Even the cheating partner should take some time out and analyse why they did what they did and how they can put the infidelity behind them. Since emotions may run high during this time, it is best to sort out these emotions on your own before discussing them with your partner.
More often than not, couples do not take any time alone and confront each other too soon, leading to harsh exchange of words and bitter arguments which may damage the marriage irreparably.
Discuss the “As is” Situation
If the faithful partner wants to give the marriage a second chance, they need to let their partner know about it. In addition, the faithful partner also needs to let the other partner know how they feel.
Similarly, if the cheating partner wants to end the affair, they need to tell their partner about it. In addition, they must attempt to understand the pain and hurt experienced by their partner and assure their partner that they will end the new relationship completely.
Resolve Marital Issues
Very often, couples feel so bitter about their marriage after the affair is disclosed that they do not know how to talk to each other about their concerns. Every discussion turns into an argument and issues remain unresolved.

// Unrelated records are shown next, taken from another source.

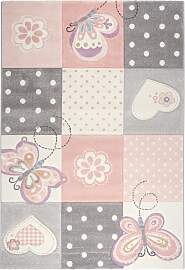 Kinderteppich Butterfly 2 in Rosa ca. 160x230cm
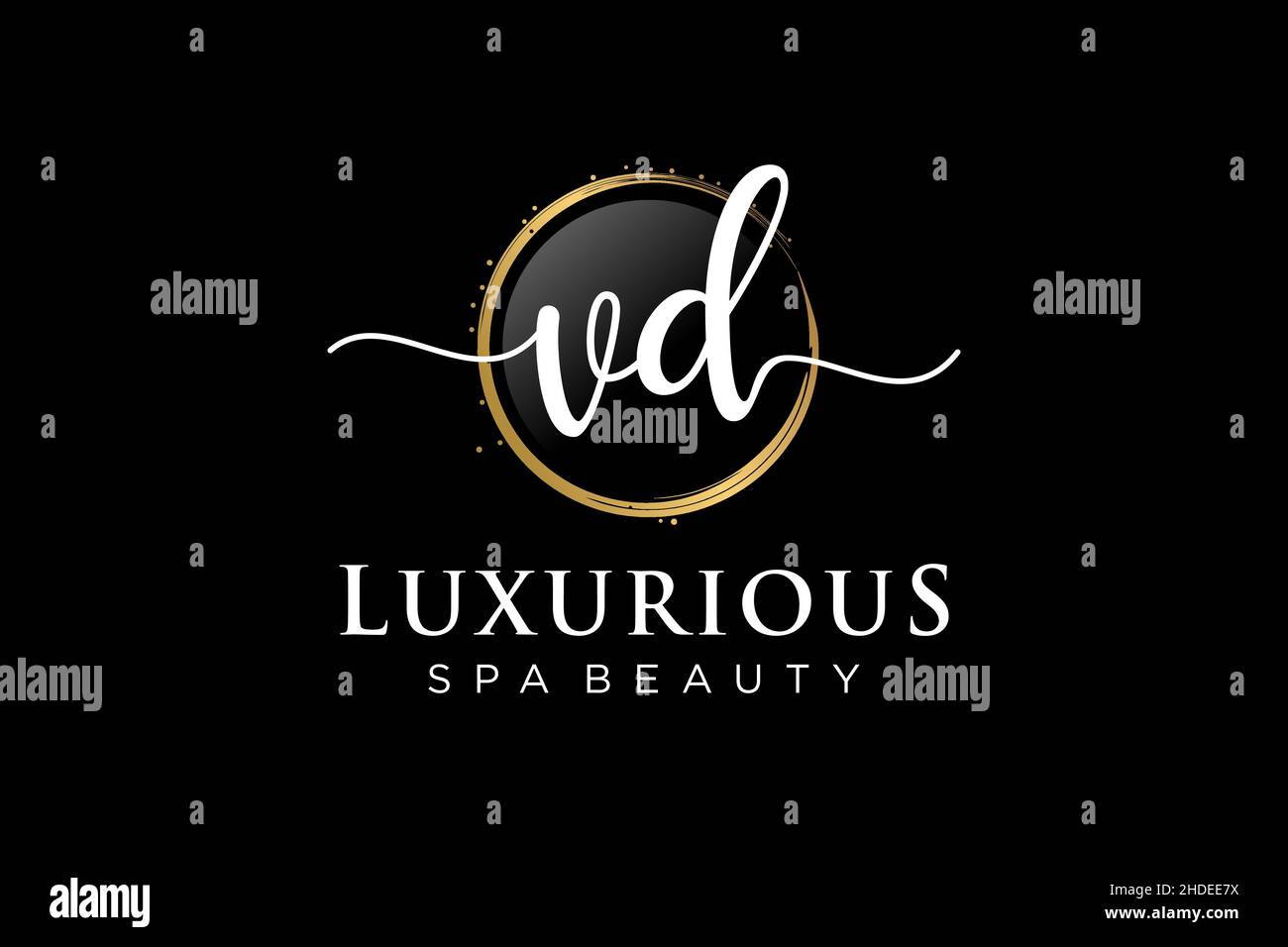 Initial VD feminine logo. Usable for Logo for fashion,photography, wedding, beauty, business. Flat Vector Logo Design Template . Stock Vector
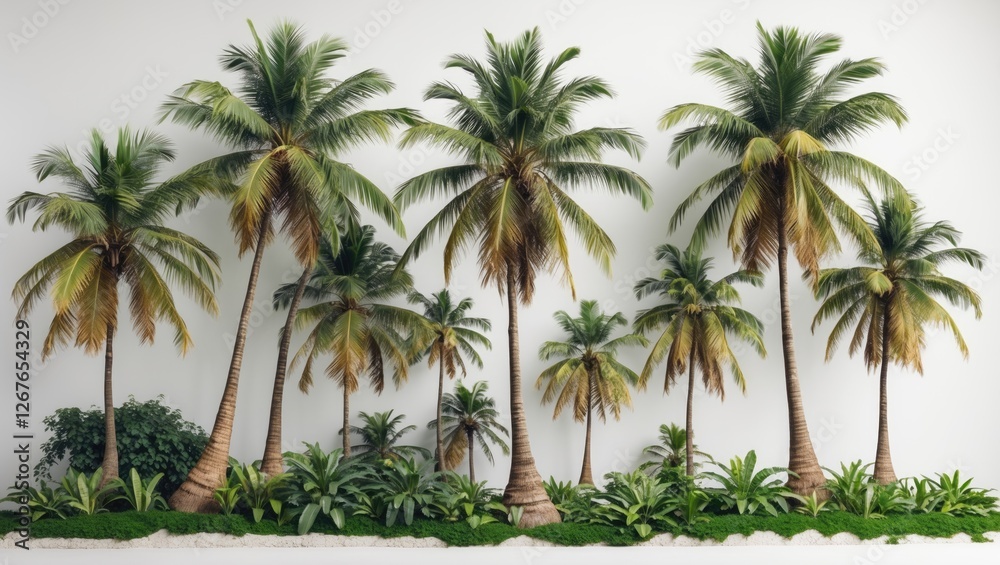 Lush Collection of Coconut and Palm Trees Isolated on White Background Showcasing Tropical Growth and Vibrant Summer Foliage Lush Collection of Coconut and Palm Trees Isolated on White Background Showcasing Tropical Growth and Vibrant Summer Foliage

For that reason, before you and your partner even think about talking to each other about the affair or your marriage, it is important to think rationally and calmly. If you both want the marriage to work, you will need to put infidelity behind you and accept the circumstances while attempting to change your marriage for the better.
The faithful partner will need to know the reason why the cheating partner committed adultery. Therefore, during the discussion stage, partners need to be brutally honest with each other.
When you have identified the real issues in your marriage, you need to address these issues and resolve them in such a manner that they do not occur again. Many couples find counselling helpful during this time because a counsellor can give an impartial and neutral perspective to the marital problems.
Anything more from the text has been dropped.